Part 2 of Easter weekend with my brother, who was in town to visit.
Sunday morning Michael came back from his all-night Easter Vigil and sunrise service, and after an hour or less, we walked out the door to go to the regular Easter service at the same church. I found that the apologetics books I’d been listening to actually did help, and I felt more spiritually open and grounded than I have in quite a while.
After church we went to lunch with Jeremy’s family at our usual place for barbecue and caught up on each other’s lives.
After lunch was another nap, and then dinner with Tim. It was a very typical Tim dinner, both in the restaurant choice and in our conversation. I was glad my brother got to be in on it and see a bit more of my everyday life.
Then Michael drove home, and I worked on my experimental literature list.
Last week I forgot to mention that after lunch on Saturday, we strolled through a nearby bookstore that had relocated to my favorite shopping center. A recent tweet thread from another bookstore reminded me that supporting local brick-and-mortar bookstores is good, so I wanted to check it out. It was a nice little place. I’ll probably try to buy from them for some of my experimental literature collection.
It was originally due the weekend before, but I decided to extend this project through last week. It took almost all Saturday night again, but I reached my goal for this phase, which was filling in the sections that had no links. Here’s all the stuff I changed in the last week, and below the comparison is the article as it looks now. It’s not in its ideal state, but I’m pretty pleased with this phase of the project.
Next time I’ll add authors and works to sections that only have topic links.
The experimental literature links included some comics. So I linked to those sections from my comic reading strategy guide.
This Saturday is Free Comic Book Day. Remember to go to your local comic store and pick up some free comics!
Coding project generator
This week at last I can get back to my generator. I have a longish list of things to do for it, but since I regularly bite off more than I can chew, I need to lower my expectations and prioritize and so on. But this project is important and needs to get off my plate. So if I don’t finish it this month, I’ll probably make it next month’s project too.

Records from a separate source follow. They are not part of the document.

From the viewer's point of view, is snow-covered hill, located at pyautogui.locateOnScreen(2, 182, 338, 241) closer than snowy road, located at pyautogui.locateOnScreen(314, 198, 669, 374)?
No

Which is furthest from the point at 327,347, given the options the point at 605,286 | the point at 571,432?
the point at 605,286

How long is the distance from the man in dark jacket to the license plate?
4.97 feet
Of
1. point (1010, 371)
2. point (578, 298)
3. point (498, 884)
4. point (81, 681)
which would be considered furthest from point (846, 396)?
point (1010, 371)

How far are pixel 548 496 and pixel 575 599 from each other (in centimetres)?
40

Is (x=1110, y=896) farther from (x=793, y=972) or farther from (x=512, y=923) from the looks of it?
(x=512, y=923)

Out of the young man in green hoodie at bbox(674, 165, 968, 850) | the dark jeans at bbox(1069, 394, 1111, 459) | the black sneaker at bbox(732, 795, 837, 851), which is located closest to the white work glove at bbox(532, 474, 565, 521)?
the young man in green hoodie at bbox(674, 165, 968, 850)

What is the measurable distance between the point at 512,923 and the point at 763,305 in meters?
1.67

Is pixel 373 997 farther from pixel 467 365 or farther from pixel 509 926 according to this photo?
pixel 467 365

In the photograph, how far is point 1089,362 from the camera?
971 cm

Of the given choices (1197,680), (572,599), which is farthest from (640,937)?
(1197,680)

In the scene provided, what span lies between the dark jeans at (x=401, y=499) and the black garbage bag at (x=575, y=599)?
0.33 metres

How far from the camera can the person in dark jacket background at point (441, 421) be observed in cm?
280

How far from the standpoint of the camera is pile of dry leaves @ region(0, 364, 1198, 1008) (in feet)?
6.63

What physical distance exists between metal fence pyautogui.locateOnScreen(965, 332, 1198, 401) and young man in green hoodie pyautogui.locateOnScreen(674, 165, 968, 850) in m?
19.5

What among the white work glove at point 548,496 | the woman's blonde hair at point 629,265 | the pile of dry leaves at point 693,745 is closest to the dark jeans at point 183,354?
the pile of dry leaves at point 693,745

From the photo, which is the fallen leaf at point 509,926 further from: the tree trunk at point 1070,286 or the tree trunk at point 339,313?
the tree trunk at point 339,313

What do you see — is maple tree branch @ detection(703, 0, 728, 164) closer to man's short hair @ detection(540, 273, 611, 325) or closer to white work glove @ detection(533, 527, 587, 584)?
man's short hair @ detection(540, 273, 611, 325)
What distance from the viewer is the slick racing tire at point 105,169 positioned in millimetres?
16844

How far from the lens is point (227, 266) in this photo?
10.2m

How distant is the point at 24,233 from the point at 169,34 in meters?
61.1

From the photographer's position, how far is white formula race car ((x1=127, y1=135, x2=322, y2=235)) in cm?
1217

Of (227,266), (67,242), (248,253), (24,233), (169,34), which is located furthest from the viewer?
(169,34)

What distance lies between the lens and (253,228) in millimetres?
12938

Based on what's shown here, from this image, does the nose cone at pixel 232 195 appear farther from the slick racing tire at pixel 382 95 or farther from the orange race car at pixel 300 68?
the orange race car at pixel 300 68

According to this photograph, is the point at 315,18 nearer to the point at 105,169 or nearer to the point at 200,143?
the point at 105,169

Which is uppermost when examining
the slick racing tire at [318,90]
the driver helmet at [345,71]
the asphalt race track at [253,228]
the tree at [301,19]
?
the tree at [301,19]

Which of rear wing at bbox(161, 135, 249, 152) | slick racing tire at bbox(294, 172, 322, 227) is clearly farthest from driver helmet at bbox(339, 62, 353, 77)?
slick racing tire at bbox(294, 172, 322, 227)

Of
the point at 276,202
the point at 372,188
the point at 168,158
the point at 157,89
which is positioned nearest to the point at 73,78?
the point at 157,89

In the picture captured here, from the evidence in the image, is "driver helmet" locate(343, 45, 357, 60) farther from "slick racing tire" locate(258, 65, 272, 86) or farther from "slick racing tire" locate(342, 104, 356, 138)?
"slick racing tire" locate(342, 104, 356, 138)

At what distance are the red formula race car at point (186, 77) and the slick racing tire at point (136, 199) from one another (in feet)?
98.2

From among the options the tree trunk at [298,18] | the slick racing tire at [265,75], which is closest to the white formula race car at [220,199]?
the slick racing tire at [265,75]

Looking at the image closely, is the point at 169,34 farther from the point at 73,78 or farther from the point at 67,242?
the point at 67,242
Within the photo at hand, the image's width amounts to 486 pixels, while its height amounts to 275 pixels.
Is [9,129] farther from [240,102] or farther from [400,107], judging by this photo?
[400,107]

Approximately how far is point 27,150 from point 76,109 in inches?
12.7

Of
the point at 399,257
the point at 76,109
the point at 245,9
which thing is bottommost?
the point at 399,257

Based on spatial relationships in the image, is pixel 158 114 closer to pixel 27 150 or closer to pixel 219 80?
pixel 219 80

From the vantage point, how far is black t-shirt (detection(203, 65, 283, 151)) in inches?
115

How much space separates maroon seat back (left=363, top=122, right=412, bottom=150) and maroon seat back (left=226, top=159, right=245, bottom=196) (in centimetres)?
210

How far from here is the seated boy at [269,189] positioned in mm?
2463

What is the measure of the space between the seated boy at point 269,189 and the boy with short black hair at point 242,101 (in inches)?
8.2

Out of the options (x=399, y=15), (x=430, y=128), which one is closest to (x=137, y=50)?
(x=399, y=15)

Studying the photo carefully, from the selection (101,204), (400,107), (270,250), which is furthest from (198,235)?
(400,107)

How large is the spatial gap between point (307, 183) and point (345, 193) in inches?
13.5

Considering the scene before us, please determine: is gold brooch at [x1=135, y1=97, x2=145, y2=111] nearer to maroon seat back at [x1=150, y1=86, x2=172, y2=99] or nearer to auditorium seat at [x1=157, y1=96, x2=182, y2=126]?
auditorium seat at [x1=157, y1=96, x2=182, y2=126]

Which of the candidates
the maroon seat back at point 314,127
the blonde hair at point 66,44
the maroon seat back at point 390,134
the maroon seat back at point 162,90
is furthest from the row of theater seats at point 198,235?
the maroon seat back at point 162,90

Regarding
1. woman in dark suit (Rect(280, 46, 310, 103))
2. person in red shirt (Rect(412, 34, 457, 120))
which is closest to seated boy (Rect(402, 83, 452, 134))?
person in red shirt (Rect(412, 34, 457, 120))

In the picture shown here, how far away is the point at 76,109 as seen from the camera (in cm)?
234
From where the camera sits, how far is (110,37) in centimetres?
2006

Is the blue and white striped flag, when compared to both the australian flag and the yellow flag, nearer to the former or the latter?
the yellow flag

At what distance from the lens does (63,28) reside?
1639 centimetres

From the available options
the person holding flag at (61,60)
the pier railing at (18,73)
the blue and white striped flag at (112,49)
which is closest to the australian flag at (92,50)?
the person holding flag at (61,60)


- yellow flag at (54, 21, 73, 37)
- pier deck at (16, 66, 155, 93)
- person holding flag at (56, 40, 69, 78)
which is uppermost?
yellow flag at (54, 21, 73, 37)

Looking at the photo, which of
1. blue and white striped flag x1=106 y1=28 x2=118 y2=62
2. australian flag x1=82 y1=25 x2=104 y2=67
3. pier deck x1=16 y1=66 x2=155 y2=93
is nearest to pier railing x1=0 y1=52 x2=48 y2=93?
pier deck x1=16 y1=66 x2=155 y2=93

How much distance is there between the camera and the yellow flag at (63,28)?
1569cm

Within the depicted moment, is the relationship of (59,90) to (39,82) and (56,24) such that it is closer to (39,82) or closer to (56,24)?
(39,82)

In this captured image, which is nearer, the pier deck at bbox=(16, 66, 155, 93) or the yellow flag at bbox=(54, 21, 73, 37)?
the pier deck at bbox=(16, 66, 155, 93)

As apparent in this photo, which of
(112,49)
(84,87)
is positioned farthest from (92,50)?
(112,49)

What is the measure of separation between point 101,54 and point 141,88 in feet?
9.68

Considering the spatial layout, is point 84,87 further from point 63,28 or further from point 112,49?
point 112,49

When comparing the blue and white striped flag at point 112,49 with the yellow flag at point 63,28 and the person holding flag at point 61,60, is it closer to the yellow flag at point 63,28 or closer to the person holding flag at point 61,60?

I finished Eddy and Boyd’s The Jesus Legend, an answer to various theories that Jesus either didn’t exist or was much different than the New Testament’s picture of him. Some helpful things I picked up from this book:
- First-century Jews were very resistant to Hellenization, so they weren’t likely to adopt Greek myths.
- There’s some decent evidence from outside the Bible for Jesus’ existence and basic features of the Gospel narratives, especially from Tacitus.
- First-century Palestine had an oral culture, and we know a lot more about those now than in earlier days of historical Jesus studies. Oral traditions are more stable and reliable than we thought. NT scholars are only beginning to take this into account.
- People in antiquity weren’t as credulous as we tend to think.
- Against the idea that the Gospels are a kind of midrashic fiction: (1) The midrashic method didn’t creation fictional events, only interpreted real ones. (2) If the Gospel writers were going to create events based on biblical traditions, they would likely have created more straightforward correspondences than they ended up with.
- There’s apparently a trend in anthropology to admit that supernatural things happen among the people they study.
However, last week I also finished listening to Steve Shives’ YouTube series responding to Lee Strobel’s The Case for Christ, and I noticed that there’s a skeptical perspective on the New Testament that Eddy and Boyd don’t cover. That’s the idea that the early Christian leaders were outright frauds.
Maybe mainstream historians tend to dismiss this way of thinking about the documents they study. That’s the impression I get from reading these apologetics books. But listening to Shives, I realized the skeptical community spends a lot of its time debunking hoaxes, so for them it’s a natural suspicion.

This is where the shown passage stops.